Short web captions
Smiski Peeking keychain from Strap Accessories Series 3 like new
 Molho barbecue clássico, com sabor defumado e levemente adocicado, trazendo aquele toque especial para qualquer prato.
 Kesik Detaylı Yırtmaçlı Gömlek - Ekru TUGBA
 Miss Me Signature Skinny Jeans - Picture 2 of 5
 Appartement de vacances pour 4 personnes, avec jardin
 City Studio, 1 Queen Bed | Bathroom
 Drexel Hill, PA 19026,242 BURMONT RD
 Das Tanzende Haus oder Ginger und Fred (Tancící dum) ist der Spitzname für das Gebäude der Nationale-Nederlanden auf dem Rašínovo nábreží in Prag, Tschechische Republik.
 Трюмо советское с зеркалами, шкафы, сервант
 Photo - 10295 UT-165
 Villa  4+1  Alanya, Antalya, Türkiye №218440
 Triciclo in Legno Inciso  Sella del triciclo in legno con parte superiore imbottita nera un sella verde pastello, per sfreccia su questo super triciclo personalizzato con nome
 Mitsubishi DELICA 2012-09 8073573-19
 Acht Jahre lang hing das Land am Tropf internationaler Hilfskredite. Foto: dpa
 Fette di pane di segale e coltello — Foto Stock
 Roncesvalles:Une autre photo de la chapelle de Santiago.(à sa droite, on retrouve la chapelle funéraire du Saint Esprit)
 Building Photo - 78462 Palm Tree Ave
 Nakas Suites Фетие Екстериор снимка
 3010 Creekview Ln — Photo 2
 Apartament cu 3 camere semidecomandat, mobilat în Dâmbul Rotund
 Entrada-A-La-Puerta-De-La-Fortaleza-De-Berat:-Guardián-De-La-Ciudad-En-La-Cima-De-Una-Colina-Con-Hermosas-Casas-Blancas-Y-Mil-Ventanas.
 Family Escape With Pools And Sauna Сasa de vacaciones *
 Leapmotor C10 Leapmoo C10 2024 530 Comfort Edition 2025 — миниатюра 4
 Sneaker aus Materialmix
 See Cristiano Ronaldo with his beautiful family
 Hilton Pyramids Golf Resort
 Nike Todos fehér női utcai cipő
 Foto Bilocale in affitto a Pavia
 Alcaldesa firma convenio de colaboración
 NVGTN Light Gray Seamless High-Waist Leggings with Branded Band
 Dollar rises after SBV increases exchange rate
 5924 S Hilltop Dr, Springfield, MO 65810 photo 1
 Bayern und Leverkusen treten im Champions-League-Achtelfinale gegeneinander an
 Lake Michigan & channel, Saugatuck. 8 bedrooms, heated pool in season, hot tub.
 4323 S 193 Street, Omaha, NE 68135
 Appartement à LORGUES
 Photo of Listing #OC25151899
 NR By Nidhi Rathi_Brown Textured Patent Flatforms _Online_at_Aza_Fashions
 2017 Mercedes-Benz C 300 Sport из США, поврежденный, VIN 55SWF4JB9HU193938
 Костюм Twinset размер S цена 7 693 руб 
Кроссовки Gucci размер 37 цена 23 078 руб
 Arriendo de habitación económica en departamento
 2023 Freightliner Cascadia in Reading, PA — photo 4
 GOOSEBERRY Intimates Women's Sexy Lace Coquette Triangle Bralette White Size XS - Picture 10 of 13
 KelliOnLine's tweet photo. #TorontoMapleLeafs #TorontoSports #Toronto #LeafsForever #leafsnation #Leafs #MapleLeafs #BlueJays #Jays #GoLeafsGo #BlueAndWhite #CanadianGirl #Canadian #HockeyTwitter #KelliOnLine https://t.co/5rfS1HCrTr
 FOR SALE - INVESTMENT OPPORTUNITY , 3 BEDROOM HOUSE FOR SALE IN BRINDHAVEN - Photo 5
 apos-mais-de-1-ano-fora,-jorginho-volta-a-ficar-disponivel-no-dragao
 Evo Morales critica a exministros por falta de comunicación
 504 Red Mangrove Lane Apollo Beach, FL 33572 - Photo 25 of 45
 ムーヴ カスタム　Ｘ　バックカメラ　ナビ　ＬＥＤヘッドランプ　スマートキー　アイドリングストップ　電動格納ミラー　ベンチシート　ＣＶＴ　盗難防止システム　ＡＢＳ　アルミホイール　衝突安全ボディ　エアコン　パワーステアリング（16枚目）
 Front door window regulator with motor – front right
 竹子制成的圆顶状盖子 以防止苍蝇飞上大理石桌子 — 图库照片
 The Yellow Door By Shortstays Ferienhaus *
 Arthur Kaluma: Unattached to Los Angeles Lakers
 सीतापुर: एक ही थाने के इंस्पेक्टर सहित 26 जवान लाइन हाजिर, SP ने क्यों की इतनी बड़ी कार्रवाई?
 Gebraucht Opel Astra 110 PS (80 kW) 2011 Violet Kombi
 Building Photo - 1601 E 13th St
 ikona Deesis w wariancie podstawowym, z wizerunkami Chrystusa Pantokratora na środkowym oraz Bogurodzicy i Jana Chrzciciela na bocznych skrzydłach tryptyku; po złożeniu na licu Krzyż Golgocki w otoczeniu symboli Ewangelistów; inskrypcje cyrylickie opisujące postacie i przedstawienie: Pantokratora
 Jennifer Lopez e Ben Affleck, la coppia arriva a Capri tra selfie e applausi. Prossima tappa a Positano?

● What the exercise asks: Reproduce the data in full, exactly as presented.

● Task solution:
Smiski Peeking keychain from Strap Accessories Series 3 like new
 Molho barbecue clássico, com sabor defumado e levemente adocicado, trazendo aquele toque especial para qualquer prato.
 Kesik Detaylı Yırtmaçlı Gömlek - Ekru TUGBA
 Miss Me Signature Skinny Jeans - Picture 2 of 5
 Appartement de vacances pour 4 personnes, avec jardin
 City Studio, 1 Queen Bed | Bathroom
 Drexel Hill, PA 19026,242 BURMONT RD
 Das Tanzende Haus oder Ginger und Fred (Tancící dum) ist der Spitzname für das Gebäude der Nationale-Nederlanden auf dem Rašínovo nábreží in Prag, Tschechische Republik.
 Трюмо советское с зеркалами, шкафы, сервант
 Photo - 10295 UT-165
 Villa  4+1  Alanya, Antalya, Türkiye №218440
 Triciclo in Legno Inciso  Sella del triciclo in legno con parte superiore imbottita nera un sella verde pastello, per sfreccia su questo super triciclo personalizzato con nome
 Mitsubishi DELICA 2012-09 8073573-19
 Acht Jahre lang hing das Land am Tropf internationaler Hilfskredite. Foto: dpa
 Fette di pane di segale e coltello — Foto Stock
 Roncesvalles:Une autre photo de la chapelle de Santiago.(à sa droite, on retrouve la chapelle funéraire du Saint Esprit)
 Building Photo - 78462 Palm Tree Ave
 Nakas Suites Фетие Екстериор снимка
 3010 Creekview Ln — Photo 2
 Apartament cu 3 camere semidecomandat, mobilat în Dâmbul Rotund
 Entrada-A-La-Puerta-De-La-Fortaleza-De-Berat:-Guardián-De-La-Ciudad-En-La-Cima-De-Una-Colina-Con-Hermosas-Casas-Blancas-Y-Mil-Ventanas.
 Family Escape With Pools And Sauna Сasa de vacaciones *
 Leapmotor C10 Leapmoo C10 2024 530 Comfort Edition 2025 — миниатюра 4
 Sneaker aus Materialmix
 See Cristiano Ronaldo with his beautiful family
 Hilton Pyramids Golf Resort
 Nike Todos fehér női utcai cipő
 Foto Bilocale in affitto a Pavia
 Alcaldesa firma convenio de colaboración
 NVGTN Light Gray Seamless High-Waist Leggings with Branded Band
 Dollar rises after SBV increases exchange rate
 5924 S Hilltop Dr, Springfield, MO 65810 photo 1
 Bayern und Leverkusen treten im Champions-League-Achtelfinale gegeneinander an
 Lake Michigan & channel, Saugatuck. 8 bedrooms, heated pool in season, hot tub.
 4323 S 193 Street, Omaha, NE 68135
 Appartement à LORGUES
 Photo of Listing #OC25151899
 NR By Nidhi Rathi_Brown Textured Patent Flatforms _Online_at_Aza_Fashions
 2017 Mercedes-Benz C 300 Sport из США, поврежденный, VIN 55SWF4JB9HU193938
 Костюм Twinset размер S цена 7 693 руб 
Кроссовки Gucci размер 37 цена 23 078 руб
 Arriendo de habitación económica en departamento
 2023 Freightliner Cascadia in Reading, PA — photo 4
 GOOSEBERRY Intimates Women's Sexy Lace Coquette Triangle Bralette White Size XS - Picture 10 of 13
 KelliOnLine's tweet photo. #TorontoMapleLeafs #TorontoSports #Toronto #LeafsForever #leafsnation #Leafs #MapleLeafs #BlueJays #Jays #GoLeafsGo #BlueAndWhite #CanadianGirl #Canadian #HockeyTwitter #KelliOnLine https://t.co/5rfS1HCrTr
 FOR SALE - INVESTMENT OPPORTUNITY , 3 BEDROOM HOUSE FOR SALE IN BRINDHAVEN - Photo 5
 apos-mais-de-1-ano-fora,-jorginho-volta-a-ficar-disponivel-no-dragao
 Evo Morales critica a exministros por falta de comunicación
 504 Red Mangrove Lane Apollo Beach, FL 33572 - Photo 25 of 45
 ムーヴ カスタム　Ｘ　バックカメラ　ナビ　ＬＥＤヘッドランプ　スマートキー　アイドリングストップ　電動格納ミラー　ベンチシート　ＣＶＴ　盗難防止システム　ＡＢＳ　アルミホイール　衝突安全ボディ　エアコン　パワーステアリング（16枚目）
 Front door window regulator with motor – front right
 竹子制成的圆顶状盖子 以防止苍蝇飞上大理石桌子 — 图库照片
 The Yellow Door By Shortstays Ferienhaus *
 Arthur Kaluma: Unattached to Los Angeles Lakers
 सीतापुर: एक ही थाने के इंस्पेक्टर सहित 26 जवान लाइन हाजिर, SP ने क्यों की इतनी बड़ी कार्रवाई?
 Gebraucht Opel Astra 110 PS (80 kW) 2011 Violet Kombi
 Building Photo - 1601 E 13th St
 ikona Deesis w wariancie podstawowym, z wizerunkami Chrystusa Pantokratora na środkowym oraz Bogurodzicy i Jana Chrzciciela na bocznych skrzydłach tryptyku; po złożeniu na licu Krzyż Golgocki w otoczeniu symboli Ewangelistów; inskrypcje cyrylickie opisujące postacie i przedstawienie: Pantokratora
 Jennifer Lopez e Ben Affleck, la coppia arriva a Capri tra selfie e applausi. Prossima tappa a Positano?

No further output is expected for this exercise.